# My harlequin Rasboras keep jumping out of tank?



## Deisler

Hi All,
Recently set up a new 60P, with Eheim 2215 and CO2 set. A fully planted (mainly HC + Hairgrass) Iwagumi (with quite a few big Seiryu Stones). Plants seem to be doing fine.

The tank completed cycling a few days ago, so I decided to add some fish. I got 10 Harlequin rasboras, and properly acclimate them (I suppose...). 

Day one: They are extremely shy (I never had Harlequin Rasboras before). When I walk by or even a tiny vibration to the stand will frighten them and they will just swimming like bullets in the tank (some of them can jump out of the water, and some try to dig into the substrate).

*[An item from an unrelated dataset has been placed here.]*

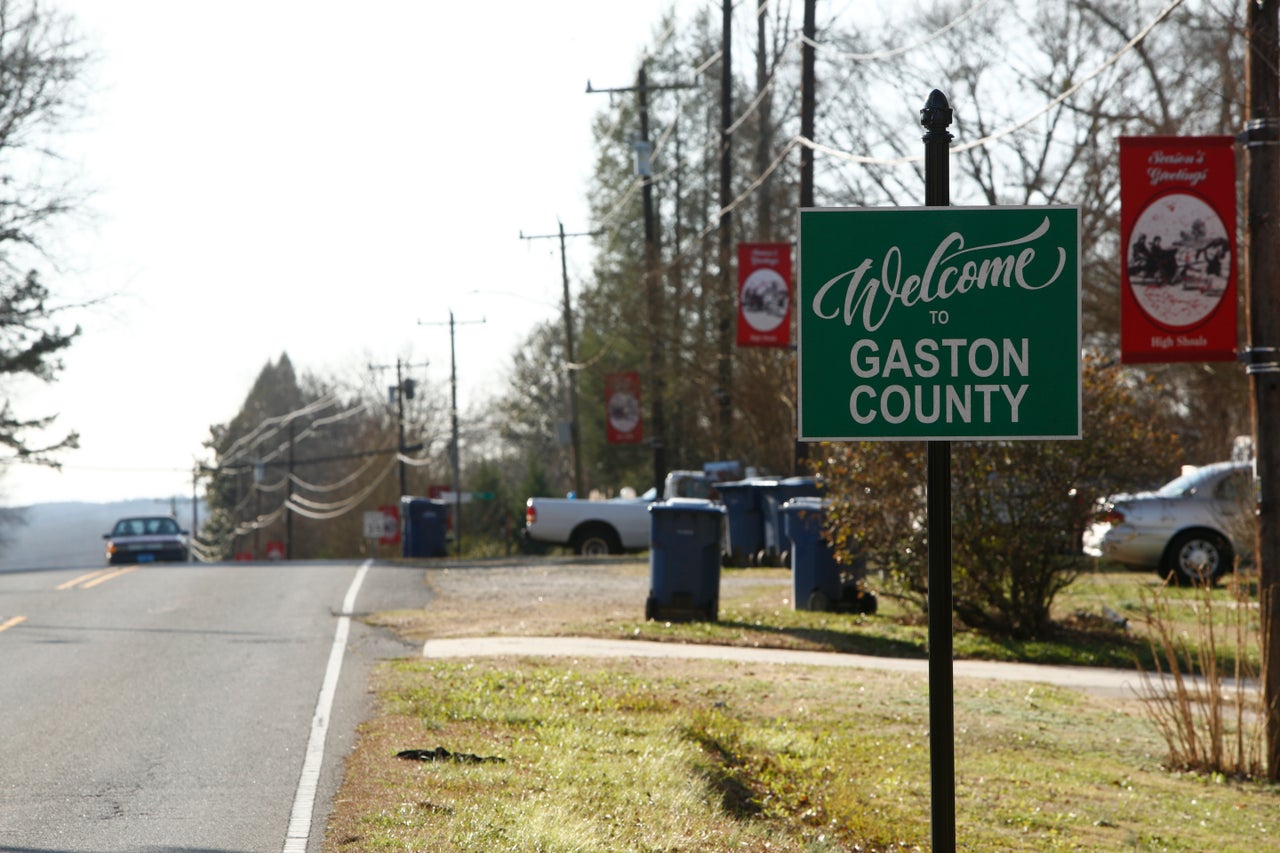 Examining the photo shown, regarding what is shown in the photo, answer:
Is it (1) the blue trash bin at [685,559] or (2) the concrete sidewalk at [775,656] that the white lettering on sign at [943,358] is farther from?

When I am further away from the tank (>2m), they are schooling just fine.

Day 2: nothing changed, so I started worrying about them. Then don't eat any flakes, or small particle food.

Day 3: I found one rasbora jumped out when I do water change, then I checked the back of the stand and found one dead there (already dry). Since then, I've found fish jumping out of tank at least three times. 

I am 100% sure that they are doing ok when they cannot see me. But when they can, they just want to escape, and some unfortunately jumped out of the tank. 

Anyone has any idea of why they did that? If this continues, I think I have to return them back to fish store. I don't want them died this way..... 

Thanks a lot in advance!

Regards
D


----------



## Ryan Thang To

when I had harlequin they was never shy but they do jump a lot. I had to give them away as my tank had no lid


----------



## GlassWalker

I have the closely related Trigonostigma hengeli (may be called copper harlequins, but I've also seen that common name used with others too). I lost a few to jumping too, and that was with a lid! There were some gaps in the lid, and I guess they found them. I had to block them off manually, before I later moved them to a bigger closed lid tank. I think the only solution is to have a barrier. Look up the Simply Aquaria DIY mesh lid. It can be cut to size and has a low impact on light and visuals.


----------



## Deisler

Thanks guys for your replies. 

So if they are so jumpy, or so afraid of people, why are they so popular in planted tank? 

I can't even get close to the tank to see them!


----------



## Martin in Holland

After a while they will get use to people, but that doesn't help much at the moment...maybe for the time being you could put up some kind of barrier (make the sides higher or as mentioned above with a net/mesh).


----------



## ltsai

Agreed with Martin. They will get tamer and not so jumpy after a while.


----------



## candymancan

How about you get a lid for your tank ?  I don't understand why people don't use lids...   Id have a ton of dead fish if my tanks didn't have lids..


----------



## Martin in Holland

candymancan said:


> How about you get a lid for your tank ?  I don't understand why people don't use lids...   Id have a ton of dead fish if my tanks didn't have lids..


No lid on a tank gives it another dimension, I love to have a look at my tanks from above, but indeed you will suffer some dead fish or shrimp now and then.


----------



## Nick potts

candymancan said:


> How about you get a lid for your tank ?  I don't understand why people don't use lids...   Id have a ton of dead fish if my tanks didn't have lids..



There are reasons for not having a lid, my next tank won't have one as i want my scape to come out of the water.

As for the jumping fish, i suffered a few lost fish when i started my current tank, 3 lemon tetra's, there is a lid but it has small feeding gaps in the corners, every time the lights go out the fish go crazy, hit the side of the tank and rocket up the corner and out  i have fixed it by plugging the gap with floss but it looks ugly


----------



## Lindy

you have no cover for your fish to hide in or feel that they have a safe place to go too so they are panicking when you approach the tank.


----------



## GHNelson

Try some floating plants.....this may help!
Cheers


----------